Requirement
Would you retype, word for word, the line with "Disfraz de Vaquera" and each line after it to the end of the entries below, leaving the pictures out?

[[ Task input, beginning ]]

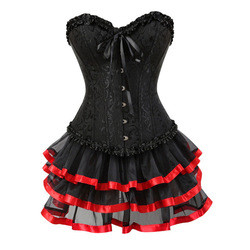 Women's Vintage Steampunk Corset Dress Victorian Retro Gothic Corset Burlesque Lace Corset and Bustiers Costume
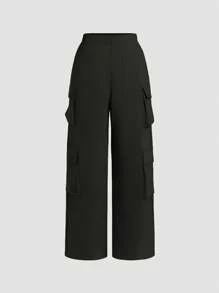 Women's Y2K Style Solid Color Thin Breathable Flap Pocket Straight Leg Cargo Pants, Suitable For Outdoor Sports And Casual Wear, Spring/Summer/Autumn New Elastic High Waist Trousers - Black - View 2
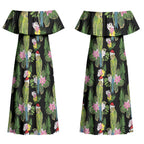 Aussie Santa Budgie Christmas Couples Matching Off Shoulder Maxi Dress and Long Sleeve Button Shirt Black Parakeet Tropical Floral LT9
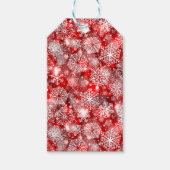 Sneeuwvlokken op rood cadeaulabel (Voorkant)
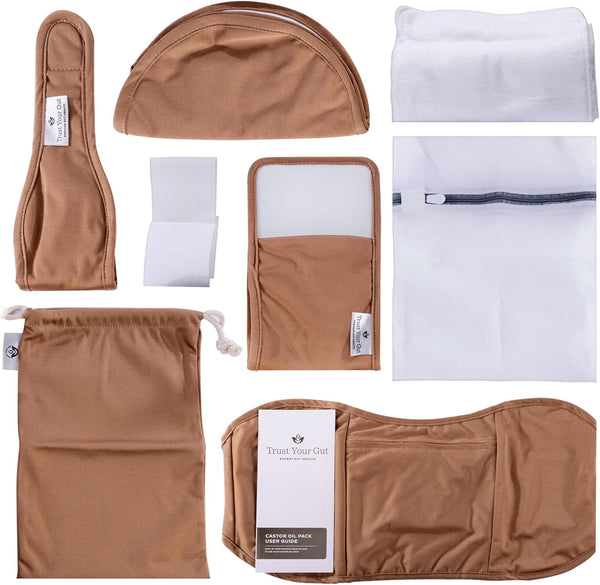 Trust Your Gut Organic Cotton Castor Oil Pack Wraps, 10pc Reusable Breathable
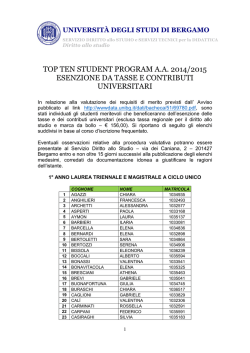 top ten student program aa 2014/2015 esenzione da tasse e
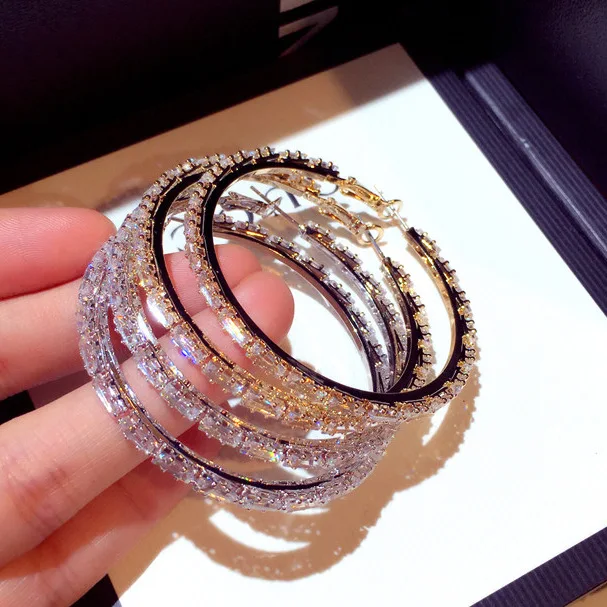 

Luxury Bling Rhinestone Crystal Large Hoop Earrings Real Gold Plated CZ Cubic Zirconia Hoop Earring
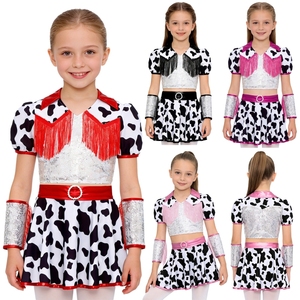 Disfraz de Vaquera para Niñas de 4 a 14 Años, Conjunto con Top Corto, Falda y Puños para Fiestas de Disfraces, Eventos Temáticos y Actuaciones - Product Image 1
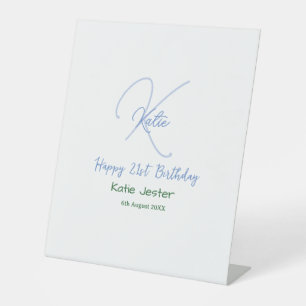 Happy 21st birthday blue add name monogram modern pedestal sign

[[ Task input, end ]]

Output of the exercise
 Disfraz de Vaquera para Niñas de 4 a 14 Años, Conjunto con Top Corto, Falda y Puños para Fiestas de Disfraces, Eventos Temáticos y Actuaciones - Product Image 1
 Happy 21st birthday blue add name monogram modern pedestal sign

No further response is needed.